La tua gioia e la tua disponibilità mi permettono di chiederti alcune cose.
Ti chiedo intanto, come prima cosa, di continuare ad essere quello che sei. Se il Signore ti ha chiamato, non è che ti voglia diverso da quello che sei. La tua pacatezza e la tua determinazione, l’amore per la preghiera e per i poveri sono e saranno sempre la caratteristica della tua vita.
Ti chiedo soprattutto ciò che il Papa ha chiesto anche a noi vescovi, e che chiede sempre ai preti: siate santi! L’ordinazione è una chiamata alla santità e la chiamata alla santità è la chiamata all’amore del Signore.
Come Gesù lo ha chiesto a Pietro, ora lo chiede anche a te: “Massimo, mi vuoi bene?”. E tu, come lui, se sei qui, hai già risposto: “Certo Signore, tu conosci tutto; tu sai che ti voglio bene”.
E, dunque, se vuoi bene al Signore, ascoltalo.
Non sempre è così facile ascoltare e poi mettere in pratica la Parola del Signore: occorre avere orecchio e occorre anche saper discernere fra i tanti messaggi e voci che ti arrivano, ma certamente la prima cosa che ti si chiede è di ascoltare il Signore, di aprire il vangelo e tutte le sacre scritture e di mettersi in atteggiamento, vero, di ascolto.
L’ascolto, tuttavia, non è una operazione solitaria, quasi che non esistessero altre persone che si aprono allo Spirito del Signore.
 
Ascolta allora il Signore insieme alla comunità, nella celebrazione eucaristica, nella messa festiva in particolare. Ti costerà fatica, ma non dimenticare di commentare le letture, brevemente, ogni volta che la celebri. Le letture del giorno saranno così la tua prima occupazione della giornata, per poter essere preparato al momento della messa.

La seconda cosa che ti chiedo è la preghiera. Lo fai già, è la preghiera della chiesa che loda il Signore ad ogni ora del giorno. Anche in questo caso, cerca di pregarla insieme ad altri, ai tuoi confratelli e ai laici disponibili.

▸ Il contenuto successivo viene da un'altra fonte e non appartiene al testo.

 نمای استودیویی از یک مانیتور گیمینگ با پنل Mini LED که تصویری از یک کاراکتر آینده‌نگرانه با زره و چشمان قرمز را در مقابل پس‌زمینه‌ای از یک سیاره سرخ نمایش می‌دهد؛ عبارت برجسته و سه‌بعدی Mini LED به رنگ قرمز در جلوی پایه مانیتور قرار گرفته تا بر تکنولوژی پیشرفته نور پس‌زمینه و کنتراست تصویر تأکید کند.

Terza cosa è di essere un pastore, di stare con il popolo di Dio, di ascoltarlo, di amarlo. Chi non sa ascoltare il fratello, non sa neppure ascoltare Dio. Papa Francesco ripete spesso che accompagnare è la chiave di volta del pastore oggi. E questo significa stare con il popolo di Dio, non soltanto fare delle cose.

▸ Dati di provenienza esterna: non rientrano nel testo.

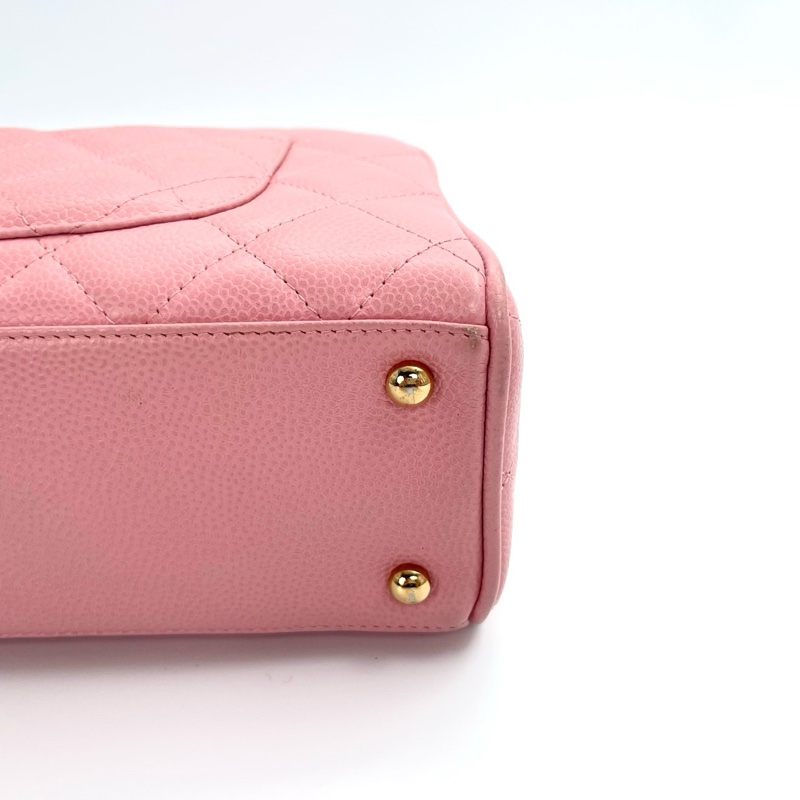 「JL精品代購」 香奈兒櫻花粉荔枝牛皮保齡球手提包小號-8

Ti chiedo di amare la chiesa. Anche quando la chiesa, in alcuni suoi rappresentanti, può essere scandalosamente peccatrice. Ama la chiesa, è tua madre. E tu, da ora, rappresenterai il buon pastore. Perché l’unico e vero pastore del popolo di Dio è Gesù, noi siamo i suoi vicari.
Non ti chiedo solo di servire la chiesa, ma di amarla.

Quarta cosa, ti chiedo di dare del tempo al popolo che il Signore ti affida. Di dare tutto il tuo tempo.
La tua è una missione, non è un lavoro di un funzionario. È una missione che ti prende tutto. Senza misura. Ma è dando tutto che riceverai tanto. Se dai poco, riceverai anche poco.

Quinta cosa che ti chiedo è di continuare ad amare i poveri. Non è così scontato oggi, amare i poveri.
E, come dice don Milani, i poveri hanno diritto di parola nella nostra chiesa e nella nostra società.
Sappiamo quanto sono stati importanti per te don Milani e don Oreste…

Un ulteriore cosa che mi sento di dirti è ciò che Papa Francesco, a Palermo, parlando ai preti, ha ricordato a tutti: il prete è l’uomo del dono del perdono.
È uomo del dono quando pronuncia le parole dell’Istituzione: «Prendete e mangiatene tutti: questo è il mio corpo offerto in sacrificio per voi». Queste sono parole che non devono restare sull’altare, ma che vanno calate nella vita: sono il nostro programma di vita quotidiano. Non dobbiamo solo dirle in persona Christi, dobbiamo viverle in prima persona. Testimoniarle.
C’è poi una seconda formula sacramentale fondamentale nella vita del sacerdote: «Io ti assolvo dai tuoi peccati». Qui c’è la gioia di donare il perdono di Dio. E qui il prete, uomo del dono, si scopre  anche uomo del perdono. Tutti noi cristiani dobbiamo essere uomini e donne di perdono, i preti in un modo speciale nel sacramento della Riconciliazione. Il prete non porta rancori, non fa pesare quel che non ha ricevuto, non rende  male  per male.  Il sacerdote  è portatore della pace di Gesù: benevolo, misericordioso, capace di perdonare gli altri come Dio li perdona per mezzo suo (Ef
 
4,32). Porta concordia dove c’è divisione, armonia dove c’è litigio, serenità dove c’è animosità.
Il prete è ministro di riconciliazione a tempo pieno: amministra «il perdono e la pace» non solo in confessionale, ma ovunque. Chiediamo a Dio di essere portatori sani di Vangelo, capaci di perdonare di cuore, di amare i nemici.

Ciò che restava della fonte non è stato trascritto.